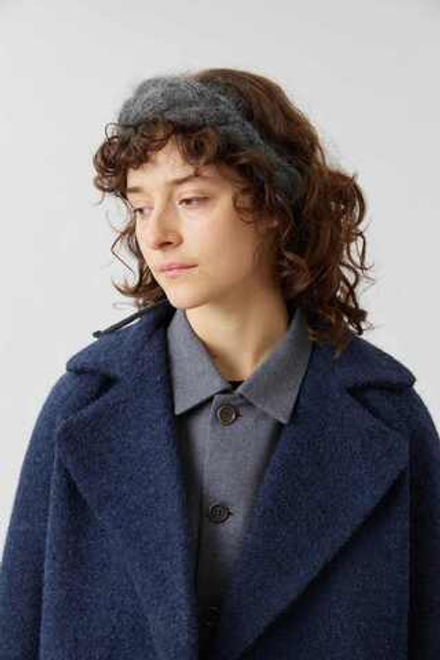 Ободок - косичка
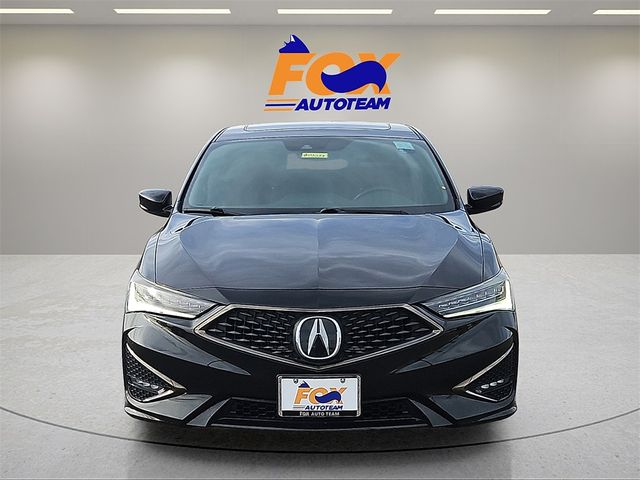 2022 Acura ILX 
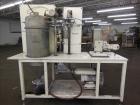 Used Hosokawa Alpine 100-AFG, Fluidized Bed Opposed Jet Mill Grinding and Classifying System (size reduction of toner), Serial #33987/1. Steel finish PU, steel classifying wheel.  Components:  Bebco ...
————————
**Activity:** Everything above should be given again exactly, apart from the pictures.

**Response to this task:**
 Ободок - косичка
 2022 Acura ILX 
 Used Hosokawa Alpine 100-AFG, Fluidized Bed Opposed Jet Mill Grinding and Classifying System (size reduction of toner), Serial #33987/1. Steel finish PU, steel classifying wheel.  Components:  Bebco ...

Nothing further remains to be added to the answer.